Hamiltonhill Claypits Local Nature Reserve Management Group SCO48186

Financial Statement 2018/19

We did not have a bank account for this financial year. Our account was approved and opened in May 2019 and we will report all funds processed in the next annual report.

Chair of Claypits Local Nature Reserve Management group

Hamiltonhill Claypits Local Nature Reserve Management Group

Annual Report 2018/19

We made it through our first year! And for all its ups and downs it was a good year. We ran a bike festival, a nature day, a corporate volunteering day, we were involved in the Festival as well as signing up as members of the Canal Coop and building a working relationship with Scottish Canals.

In March 2018 we became established as a charity, though we still have not managed to open a bank account. There were also many delays to the overall nature reserve development project as Scottish Canals awaited the release of the SNH funding that would employ the ranger and start the development of the path network. This has now been released, leading to the sudden shutting of the site in February 2019 to allow works to commence. We look forward to completion of the works in 2020.

However, despite some setbacks, delays and uncertainties there is also a lot to celebrate. We organised a Bike Festival to celebrate the opening of the Yellow Brick Road as our first event and it was great fun. Many thanks to Free Wheel North, Clay Community Church, FOPG and several local businesses for helping make it happen. With zero budget we had a great day! It was also the start of more people using the path, peaking this year at around 3000 users in May which is particularly encouraging.

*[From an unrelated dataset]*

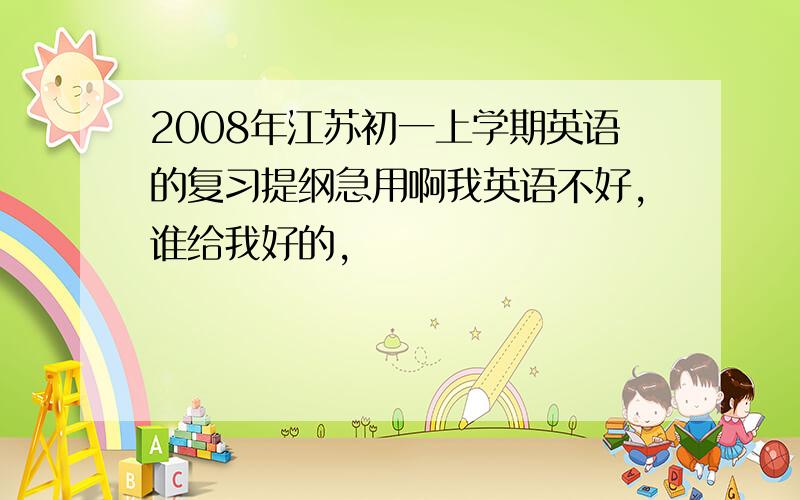 2008年江苏初一上学期英语的复习提纲急用啊我英语不好,谁给我好的,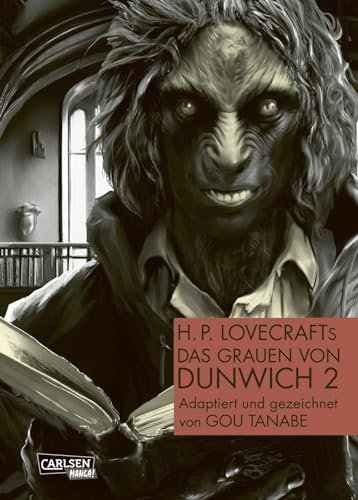 H.P. Lovecraft Manga: Das Grauen von Dunwich 2: Gruselig Spannendes über den Pakt mit dem Gott Yog Sothoth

Thanks also to FOPG and Shiona for their support and partnership this year, both in events and helping the committee get established. They generously paid for several of us to go to a fundraising conference in Edinburgh which I think we all found beneficial. This trip became particularly useful to the LNR when contacts made there by the committee led to the first corporate volunteering day where 100 or so folks came along and helped clear the litter, start the den building area and build the fairy dell. Another successful day.

We’ve also built further on partnerships with other organisations, and had a great day with Froglife, Scottish Waterways Trust and CARG at a nature day in May. Bread on a stick, arts and crafts and a whole host of bugs, beasties and butterflies was great fun for all – even if the ponds had dried up in the heat! It was great being able to enlist the help of a young child to help catch and record the first sighting of a Marsh Pug Moth since 1983, and only the third sighting ever in Glasgow. Many thanks for and these partner organisations for doing a fantastic job of recording the species present around the Claypits LNR.

It’s been great getting involved in the Glasgow Canal Cooperative. Shiona and Paula made the most of a great opportunity to go to Amsterdam on a learning trip, and it was fun being involved in the Canal

Festival. I’m excited by the partnerships and projects that the coop should enable over the coming years.

Looking forward, we currently have the beginnings of one of these partnerships in the pipeline - discussions with the Glasgow Sculpture Studios are ongoing with a desire to setup an artist in residence programme over the next year. Linton has now officially started as Ranger for the LNR and has already made contacts with various schools and nurseries - many thanks to Brian Land, the and Community Connector, for helping make some of these initial contacts for us.

We’ve also now launched our official membership scheme, with a desire to let anyone from the local areas who is interested in the LNR join in with what is happening. Membership is currently set at £1 per family.

It has been a fun year getting the management group established and getting to know everyone who is involved much better. Many thanks go to everyone on the committee for getting us this far – I’m consistently surprised and impressed by the diversity in experience and skills of the people involved. Thanks also to at Scottish Canals for helping us along and being available to meet and talk things through.